Но именно такую, будто напрашивающуюся, житейски довольно распространенную позицию А. Приставкин отвергает с категоричностью, делающей ему честь.

“Это потом тот, кто уцелеет, взрослым переживет все снова: ржание лошадей, чужие гортанные голоса, взрывы, горящую посреди пустынной станицы машину и прохождение через чужую ночь”.

Давний ночной страх возбуждает новые, теперешние опасения:

“Возможно ли извлечь из себя, сидя в удобной московской квартире, то ощущение беспросветного ужаса, который был тем сильнее, чем больше нас было! Он умножился будто на страх каждого из нас, мы были вместе, но страх-то был у каждого свой, личный! Берущий за горло!”

Дальше в отрывке сказано:

“И конечно, мы были на грани крика! Мы молчали, но если бы кто-то из нас вдруг закричал, завыл, как воет оцепленный флажками волк, то завыли бы и закричали все, и тогда мы могли бы уж точно сойти с ума…” На грани крика, на грани безумия… Грань эта будет переступлена. Ночной кошмар, гибель “шоферицы Веры” – еще не крайняя точка, где человеку – взрослому ли, малолетнему – удается сохранить трезвый взгляд. Кузьменышей ожидает такое, о чем невозможно догадаться в начале повести, с первых страниц не обещавшей легкого, беспечального чтения. Какая тут легкость, когда подмосковный детдом живет одной исступленной думой “вдохнуть, не грудью, животом вдохнуть опьяняющий, дурманящий хлебный запах”. Даже о хлебных крошках не мечталось. За корочку хлеба малыши продавались в рабство к сильным уркам на месяц, два. И Кузьменыши продавались. Только всегда вдвоем. Одиннадцатилетние близнецы неразлучны. Неразлучность помогала им выжить, сносить все напасти, сообща мошенничать, воровать, устраивать проделки, которые одному не по плечу. Они всегда вместе – четыре руки, четыре ноги, две головы – и до того похожи: никто не отличит – Колька это или Сашка. Близнецы. искусно всех морочили, и даже когда не было необходимости, один выдавал себя за другого. Обманывая, делались увереннее: выручая друг друга, было легче уцелеть в гибельных обстоятельствах.

Об этих обстоятельствах А. Приставкин говорит с обезоруживаюшей непосредственностью.
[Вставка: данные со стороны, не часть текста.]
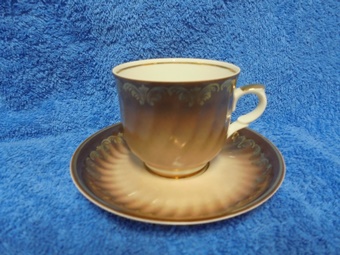 RPR Riga Porcelain, ruskea pieni kahvikuppi ja tassi, A260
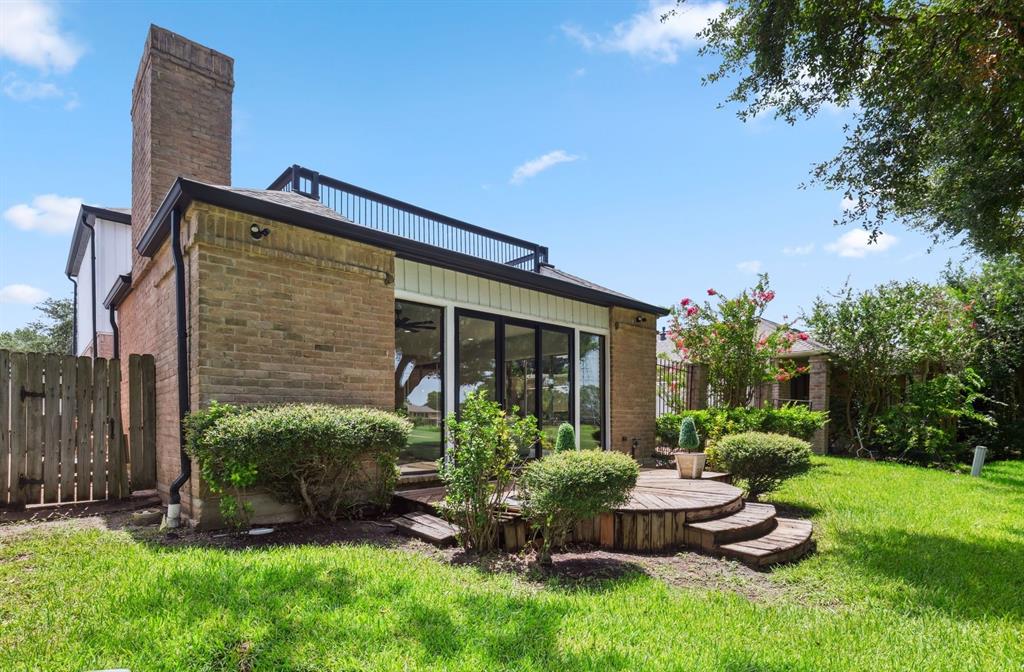506 Fox Briar Lane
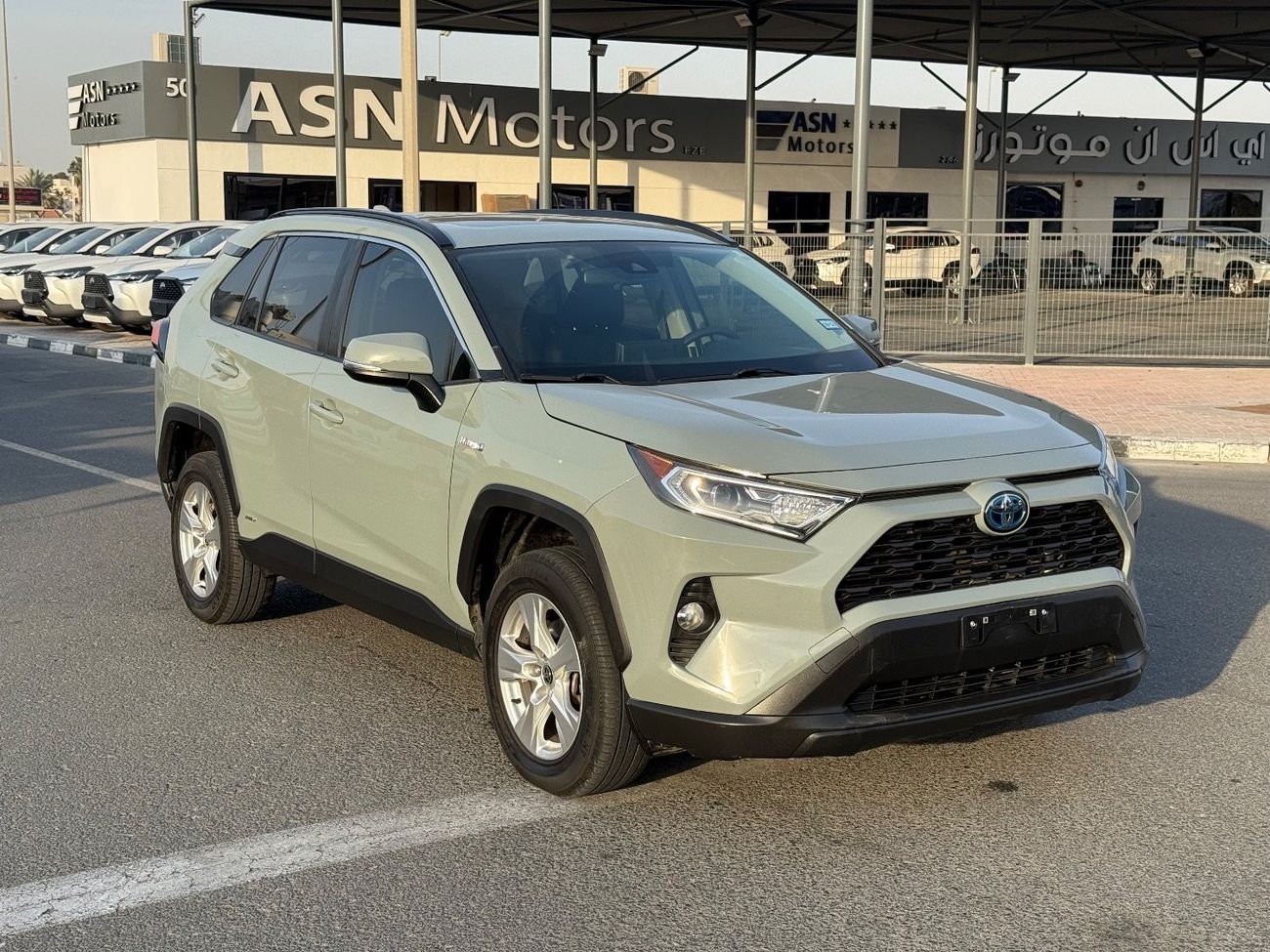 Toyota RAV4 XLE 2.5L 2021 TOYOTA RAV4 XLE HYBRID 4x4 FULL OPTIONS IMPORTED FROM USA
Годы не избавили от изумления перед чудом; как же я все-таки уцелел? Все сходилось к одному: крышка.

Не вдаваясь в рациональные объяснения, он, только что рассказывавший о нравах, стараясь сберечь их подлинность, о блатной музыке, круто перестраивается на метафорический лад, возможный, когда издали всматриваешься в беспросветное прошлое. “Летим в неизвестность, как семена по пустыне. По военной – по пустыне – надо сказать. Где-то, где-нибудь, в щелочке, трещинке, ямке случайной застрянем… А прольется ласка да внимание – живой водой прорастем.

Чахлой веточкой прорастем, былинкой, крошечной бесцветной ниточкой картофельной, да ведь и спросу-то нет. Можем и не прорасти, а навсегда кануть в неизвестность. И тоже никто не спросит. Нет, значит, не было. Значит, не надо”. После наперченного блатного фольклора – исконно сказочная, прозрачная живая вода”, “чахлая веточка”, “былинка”, И никакой искусственности перепада, когда уши закладывает, как в самолете, угодившем в воздушную яму, ни малейшей нарочитости.

Никому не нужными семенами летят через войну, через разрушенные земли Кузьменыши. Они умеют выйти если и не сухими из воды, то хотя бы не пойти ко дну, не пустить пузыри. Родство по крови переходит у них в редкое, никем, кроме Регины Петровны, не замечаемое родство душ. Да и умная, сердечная Регина Петровна – вдова летчика с двумя малышами, тоже занесенная ветром войны в край, откуда изгнаны чеченцы, – понимает братьев не до конца. Они, почитая среди взрослых одну лишь ее, готовые ради нее пойти на что угодно, даже поделиться своей заначкой, до конца не откроются и ей. Скрытность стала самой натурой. Близнецы откровенны только друг с другом. Откровенность не в излияниях и объяснениях, но в том внутреннем единении, которое реально тогда лишь, когда один настолько дополняет второго, что они по отдельности не мыслят, не представляют собственного существования. Вопрос такой не возникает, он за пределами предположений.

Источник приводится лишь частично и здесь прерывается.